Laboratório de Bitcoin: simuladores na prática

Aprender fazendo. São seis simuladores que colocam a mão nas ideias que sustentam o Bitcoin: o hash, a prova de trabalho, o halving e o limite de 21 milhões, as taxas e a mempool, o caminho da chave ao endereço e os UTXOs com troco. Tudo educativo e seguro.

1. O que é um hash

Um hash é uma impressão digital de qualquer dado. A função SHA-256, que o Bitcoin usa, pega um texto de qualquer tamanho e devolve sempre 64 caracteres. O mesmo texto sempre dá o mesmo hash; mude um único caractere e o resultado muda por completo. É isso que deixa a blockchain à prova de adulteração: trocar uma vírgula em um bloco antigo mudaria o hash dele e quebraria todos os blocos seguintes.

SHA-256:

...

Dica: acrescente um ponto no fim e repare como o hash inteiro vira outro. É o efeito avalanche.

2. Mineração e prova de trabalho

Minerar é procurar um número (o nonce) que, junto com o bloco, gere um hash começando com vários zeros. Não existe atalho: o computador tenta um nonce de cada vez até achar. Quanto mais zeros são exigidos, mais tentativas em média são necessárias. É por isso que a mineração gasta trabalho de verdade, e é esse trabalho que protege a rede. Teste abaixo com poucos zeros; o Bitcoin de verdade exige tantos que são trilhões de tentativas por bloco.

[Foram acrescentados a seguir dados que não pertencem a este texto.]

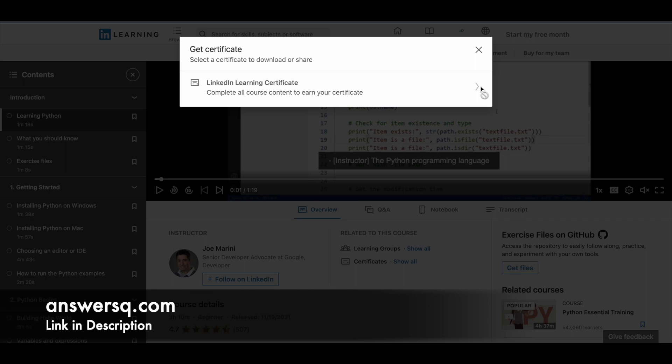You can get a LinkedIn Learning certificate after completing this course. It's not available now because I haven't completed the course yet. Once you complete it, you'll be able to click on this and download your certificate.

3. Halving e o limite de 21 milhões

A cada 210 mil blocos, cerca de quatro anos, a recompensa por bloco cai pela metade. Esse corte programado, o halving, faz a emissão desacelerar até parar perto de 21 milhões de bitcoins. Arraste e veja a recompensa, o ano aproximado e quanto já foi emitido em cada etapa.

Recompensa por bloco

Ano aproximado

Já emitido

A barra mostra a fração dos 21 milhões já emitida. Repare como ela sobe rápido no começo e quase congela depois.

4. Taxa e disputa por espaço (mempool)

Cada bloco tem espaço limitado. As transações esperam na mempool e os mineradores tendem a escolher as que pagam mais por byte (sat/vB). Quando a rede está cheia, quem paga pouco espera mais. Ajuste a taxa, o tamanho e a congestão e veja a estimativa.

Taxa total:

5. Da chave ao endereço (caminho de mão única)

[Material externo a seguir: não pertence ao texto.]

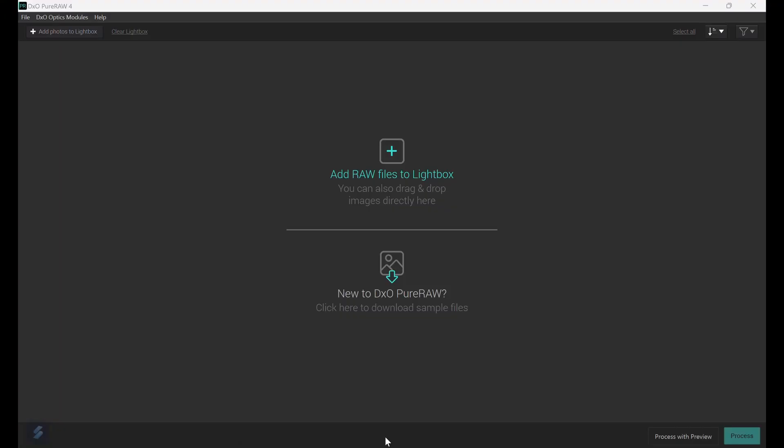You can of course download PureRAW and install it as a free 14-day trial on first launch, fully working. So let's dive in. PureRAW 4 can be run as a standalone application or from within Lightroom, however there is no option from within Photoshop. The interface looks the same in both instances with a couple of minor differences between the two cases which I shall point out later.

Da sua chave privada nasce uma chave pública, e dela nasce o endereço. Cada passo é fácil de calcular para a frente e quase impossível de desfazer. Por isso o endereço pode ser público sem expor a chave privada. Digite uma chave qualquer e veja o caminho.

Chave pública (derivada):

...

Endereço (público):

...

Mude um caractere da chave e tudo muda. E a partir do endereço não dá para voltar à chave.

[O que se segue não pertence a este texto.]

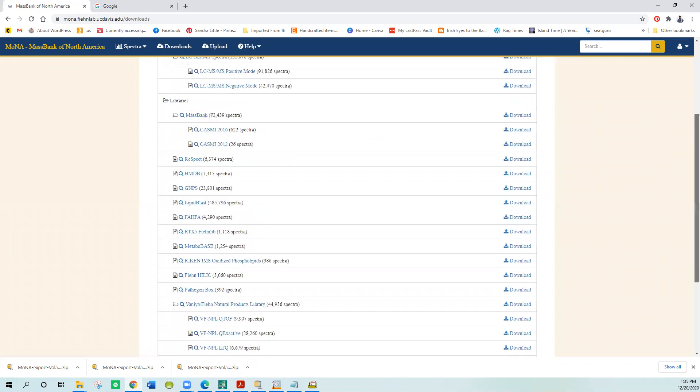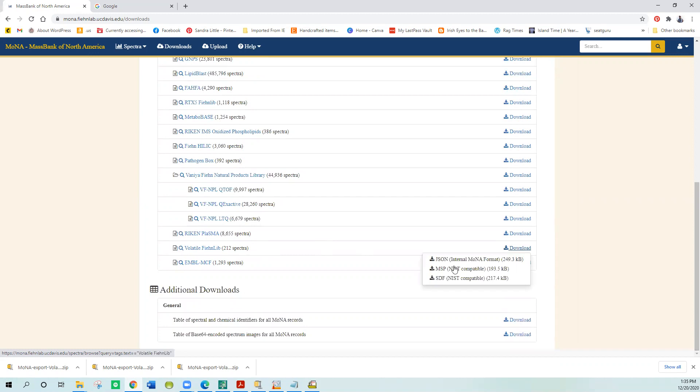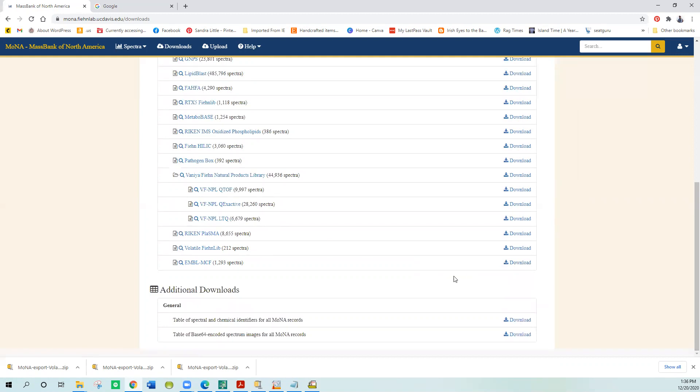I'll show you how to do a small one today because it takes too long to watch while we're sitting here. So I'll first have to download that library. I'm going to download this FIN library 212 Spectra. The MSP format only contains the Spectra. The SDF contains the Spectra and the structures in a format that NIST can convert.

6. UTXO e troco (como o saldo funciona)

No Bitcoin você não tem um saldo único; tem moedas separadas (os UTXOs), como cédulas na carteira. Para pagar, você junta cédulas até cobrir o valor e recebe o troco de volta num novo UTXO. Escolha quanto enviar e veja a seleção e o troco.

Suas moedas (UTXOs): 1,00 · 0,50 · 0,20 · 0,05 BTC (saldo 1,75)

Perguntas frequentes

Isso mexe com dinheiro de verdade? Não. É só uma demonstração no seu navegador, sem rede, sem carteira, sem valor.

Por que o hash muda tanto com uma letra? A SHA-256 é feita para espalhar qualquer mudança por todo o resultado, o efeito avalanche. Isso impede adivinhar a entrada a partir do hash.

Minerar de verdade é assim? A ideia é a mesma: tentar nonces até achar um hash pequeno o bastante. A diferença é a escala: a rede exige tantos zeros que precisa de máquinas dedicadas trabalhando juntas.